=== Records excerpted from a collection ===
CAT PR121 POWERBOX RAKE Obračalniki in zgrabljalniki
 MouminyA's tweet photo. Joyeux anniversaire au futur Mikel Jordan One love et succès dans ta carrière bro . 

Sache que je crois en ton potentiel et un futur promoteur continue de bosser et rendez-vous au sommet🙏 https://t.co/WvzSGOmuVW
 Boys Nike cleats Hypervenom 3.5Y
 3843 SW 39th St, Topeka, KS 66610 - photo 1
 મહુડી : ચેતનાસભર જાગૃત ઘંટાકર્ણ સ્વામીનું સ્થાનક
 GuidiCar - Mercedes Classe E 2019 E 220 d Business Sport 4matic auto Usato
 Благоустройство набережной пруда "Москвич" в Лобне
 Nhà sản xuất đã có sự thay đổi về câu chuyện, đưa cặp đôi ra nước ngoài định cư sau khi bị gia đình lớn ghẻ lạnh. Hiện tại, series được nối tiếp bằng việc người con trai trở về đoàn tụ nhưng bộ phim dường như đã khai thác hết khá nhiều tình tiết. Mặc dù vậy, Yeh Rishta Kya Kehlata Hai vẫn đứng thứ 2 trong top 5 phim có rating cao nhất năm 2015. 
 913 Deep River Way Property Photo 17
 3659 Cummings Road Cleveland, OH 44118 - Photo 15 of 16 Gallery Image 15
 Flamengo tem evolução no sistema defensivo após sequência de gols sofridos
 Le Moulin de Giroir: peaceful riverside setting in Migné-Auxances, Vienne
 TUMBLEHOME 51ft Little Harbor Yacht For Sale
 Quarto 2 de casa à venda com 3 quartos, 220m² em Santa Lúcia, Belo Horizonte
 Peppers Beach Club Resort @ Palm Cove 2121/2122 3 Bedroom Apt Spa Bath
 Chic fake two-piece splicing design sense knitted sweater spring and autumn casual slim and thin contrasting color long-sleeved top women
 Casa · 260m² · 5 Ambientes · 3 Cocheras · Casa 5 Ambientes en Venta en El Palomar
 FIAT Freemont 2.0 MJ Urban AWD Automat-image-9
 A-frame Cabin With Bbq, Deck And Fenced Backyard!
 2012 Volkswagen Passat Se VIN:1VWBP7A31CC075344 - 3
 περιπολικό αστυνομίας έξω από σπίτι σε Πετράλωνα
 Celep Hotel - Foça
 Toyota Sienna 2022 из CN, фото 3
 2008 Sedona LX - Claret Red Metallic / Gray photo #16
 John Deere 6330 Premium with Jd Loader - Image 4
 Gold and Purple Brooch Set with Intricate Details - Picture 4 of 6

=== EXERCISE AIM ===
A single number is the answer: how many lines in the records above contain the word "futur".

=== EXERCISE ANSWER ===
2